» **Problem**
Print all the data that follows exactly, images excluded.

____________

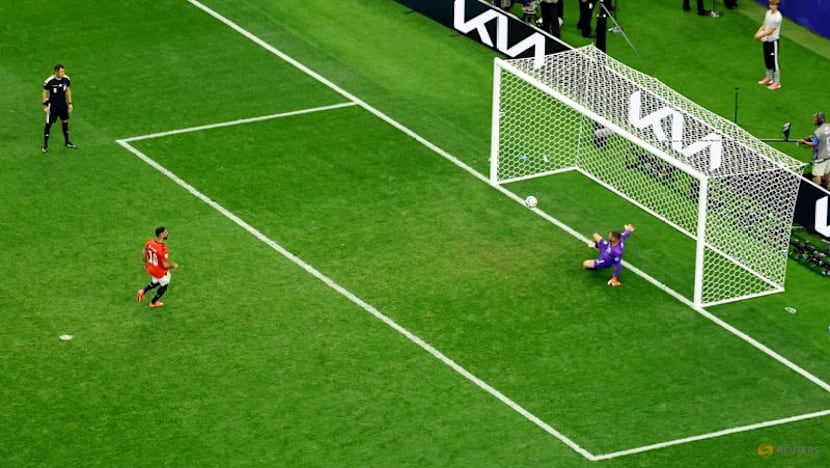 Salah's World Cup breakthrough transforms his Egypt legacy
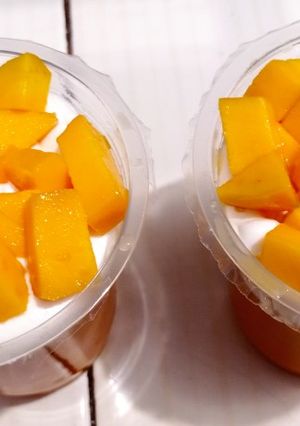 Foto resep Smoothies Manggo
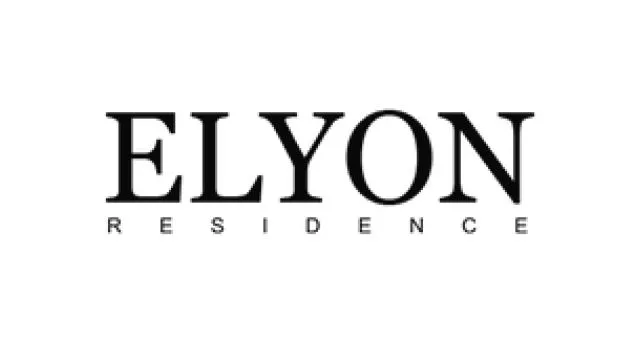 Logo do Elyon Residence, da construtora Meia Praia Empreendimentos Imobiliários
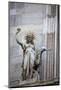 Italy, Milan, Milan Cathedral, Statues and Reliefs-Samuel Magal-Mounted Photographic Print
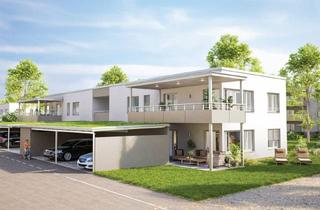 Wohnung kaufen in Bahnhof, 9131 Grafenstein, Zuhause im Grünen! Gartentraum in der Kaiserallee Grafenstein - Baukörper k2 - Top 1 (Eg)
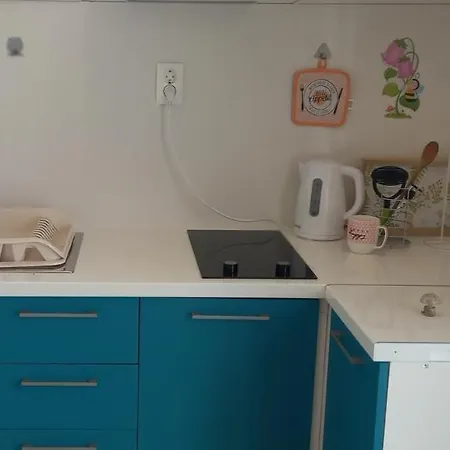 Lapis Apartment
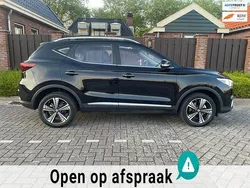 Zwart Gebruikt 2021 MG ZS Luxury Sedan | € 13.999 (Super prijs)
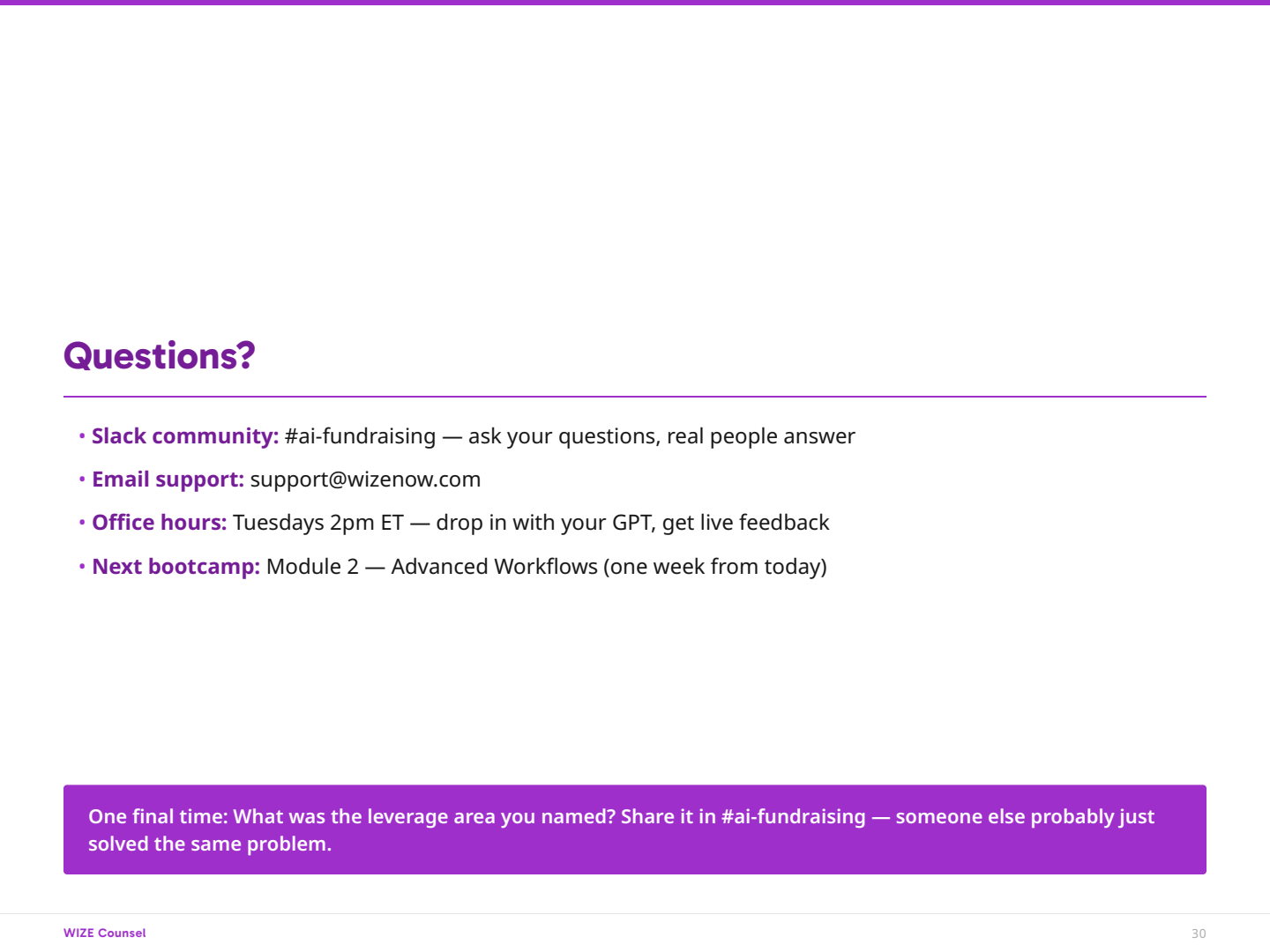 Page 30: s30-contact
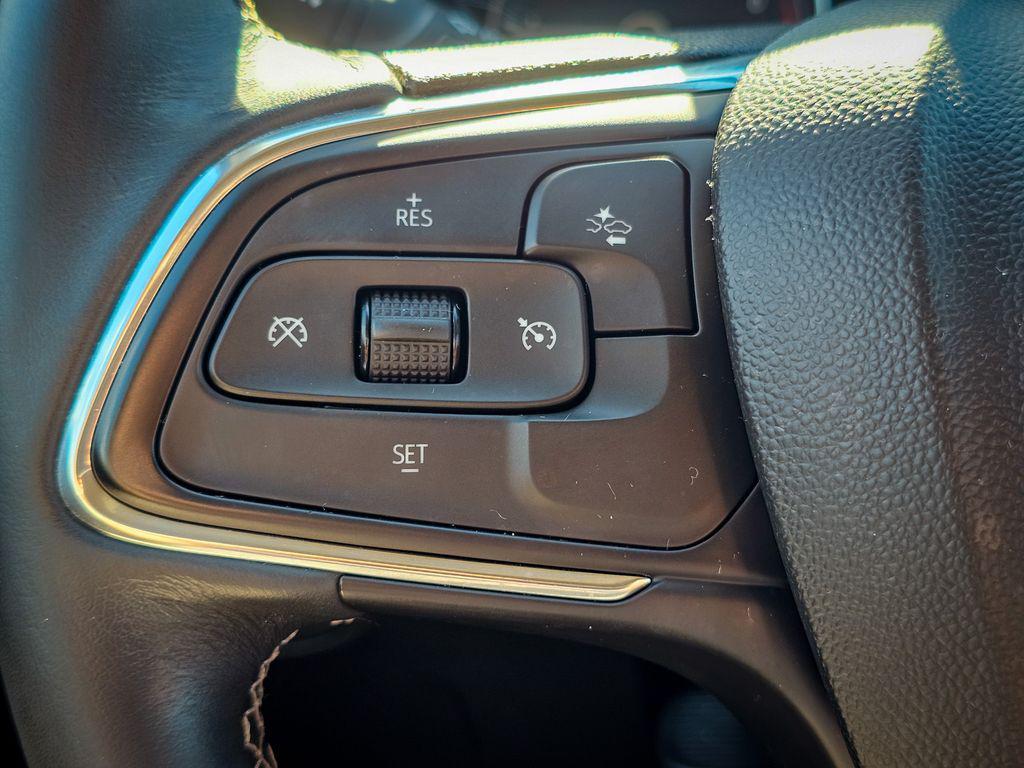 used 2023 Buick Encore GX car, priced at $22,900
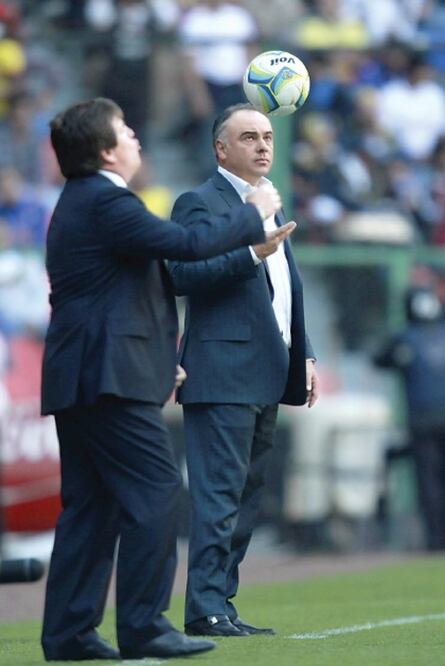 Me gusta atacar y equilibrar: Herrera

____________

» **Your solution**
 Salah's World Cup breakthrough transforms his Egypt legacy
 Foto resep Smoothies Manggo
 Logo do Elyon Residence, da construtora Meia Praia Empreendimentos Imobiliários
 Italy, Milan, Milan Cathedral, Statues and Reliefs-Samuel Magal-Mounted Photographic Print
 Wohnung kaufen in Bahnhof, 9131 Grafenstein, Zuhause im Grünen! Gartentraum in der Kaiserallee Grafenstein - Baukörper k2 - Top 1 (Eg)
 Lapis Apartment
 Zwart Gebruikt 2021 MG ZS Luxury Sedan | € 13.999 (Super prijs)
 Page 30: s30-contact
 used 2023 Buick Encore GX car, priced at $22,900
 Me gusta atacar y equilibrar: Herrera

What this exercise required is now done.